Ensemble learning can be effective in reducing the impact of individual model failures, but it can also be expensive and time-consuming. Additionally, it may not be effective in all situations, such as when the models are highly correlated or when the data is limited.
In conclusion, machine learning has become an essential tool in facilitating decision-making processes across a wide range of applications. While these algorithms exhibit remarkable accuracy, they have been demonstrated to possess vulnerabilities that can lead them to generate preferred predictions. Consequently, carefully designed adversarial objects have the potential to undermine the trust of machine learning systems, compromising the reliability of their predictions, regardless of the field in which they are deployed.
To address the growing threat of adversarial attacks, researchers have developed various defenses, including regularization and adversarial training. Regularization is a simple but effective defense that can be used to reduce the impact of adversarial examples, while adversarial training is a more advanced defense that involves training the model to recognize and respond to adversarial examples. In addition to defenses against adversarial attacks, researchers are also exploring ways to improve the resilience of machine learning models, such as using multiple models to make predictions and using ensemble learning.
However, adversarial training can be expensive and time-consuming, and it may not be effective against all types of adversarial attacks. Therefore, it is important for researchers and practitioners to continue to develop new defenses and techniques to protect machine learning models from adversarial attacks.
In conclusion, machine learning has become an essential tool in facilitating decision-making processes across a wide range of applications. While these algorithms exhibit remarkable accuracy, they have been demonstrated to possess vulnerabilities that can lead them to generate preferred predictions. Consequently, carefully designed adversarial objects have the potential to undermine the trust of machine learning systems, compromising the reliability of their predictions, regardless of the field in which they are deployed. To address the growing threat of adversarial attacks, researchers have developed various defenses, including regularization and adversarial training. In addition to defenses against adversarial attacks, researchers are also exploring ways to improve the resilience of machine learning models, such as using multiple models to make predictions and using ensemble learning. However, adversarial training can be expensive and time-consuming, and it may not be effective against all types of adversarial attacks. Therefore, it is important for researchers and practitioners to continue to develop new defenses and techniques to protect machine learning models from adversarial attacks.
Weight: 209g
Dimension: 210 x 148 (mm)
ISBN-13: 9783658404413
Edition number: 1st ed. 2023
This item can be found in:
UK and International shipping information
UK and International shipping information
UK Delivery and returns information:
- Delivery within 2 - 3 days when ordering in the UK.

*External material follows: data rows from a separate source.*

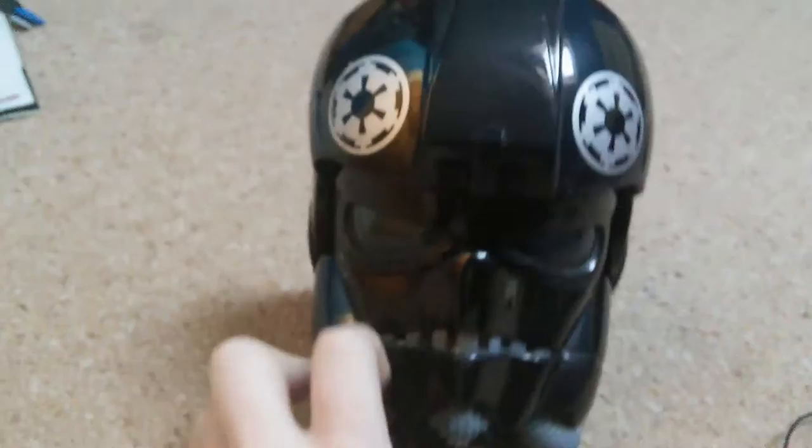Hey guys, I am here with the Stormtrooper pilot toy made by Lewis Galoob Toys — Lucasfilm, not that anymore, now it's Disney — but it's from 1997. It's a nice, decent toy and we'll have a look inside.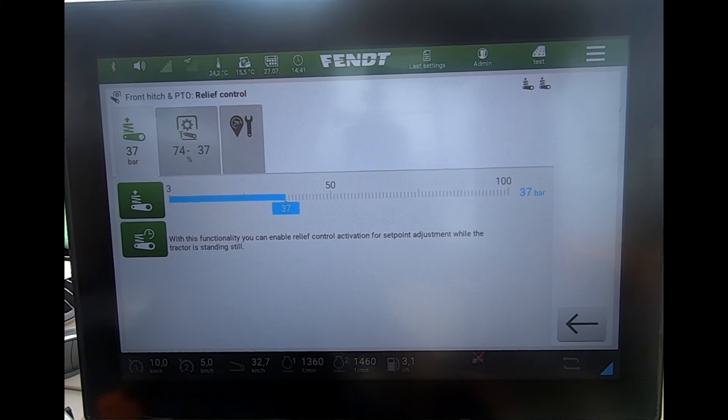It's an excellent option for front mounted mowers, mulchers, or even front presses to keep a constant pressure and nice contour following.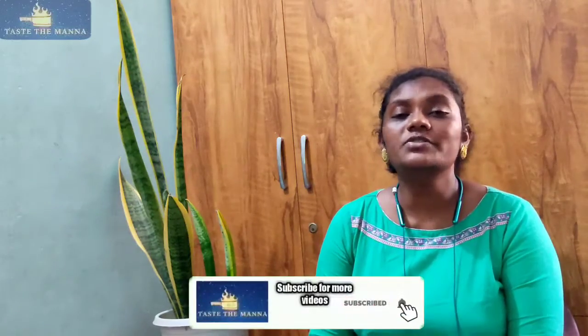Hi and welcome to Taste the Manna, I am Shalini. I am going to try a fish recipe for you and share it with you. This is a very tasty dish — a very nice rice and fish combination. If you like this, please subscribe to the channel and click the notification button. Without further delay, let's move into the video.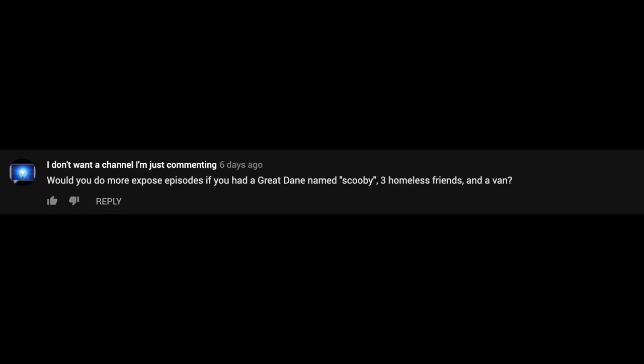Next comment comes from IDWACIJC — 'I don't want a channel, I am just commenting.' He asks: would you do more exposé episodes if you had a Great Dane named Scooby, three homeless friends, and a van? It is always a possibility that I would do more exposé videos if I didn't have a job, lived in a van down by the river, and had 24 hours a day to investigate these things.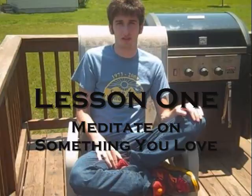First of all, you have to meditate on something you love. Today I'm going to be focusing on ladder ball, because I love ladder ball.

- Shipping fee for UK customers from £2.39. Fully tracked shipping service available.
- Returns policy: Return within 30 days of receipt for full refund.
International deliveries:
Shulph Ink now ships to Australia, Belgium, Canada, France, Germany, Ireland, Italy, India, Luxembourg Saudi Arabia, Singapore, Spain, Netherlands, New Zealand, United Arab Emirates, United States of America.
- Delivery times: within 5 - 10 days for international orders.
- Shipping fee: charges vary for overseas orders. Only tracked services are available for most international orders. Some countries have untracked shipping options.
- Customs charges: If ordering to addresses outside the United Kingdom, you may or may not incur additional customs and duties fees during local delivery.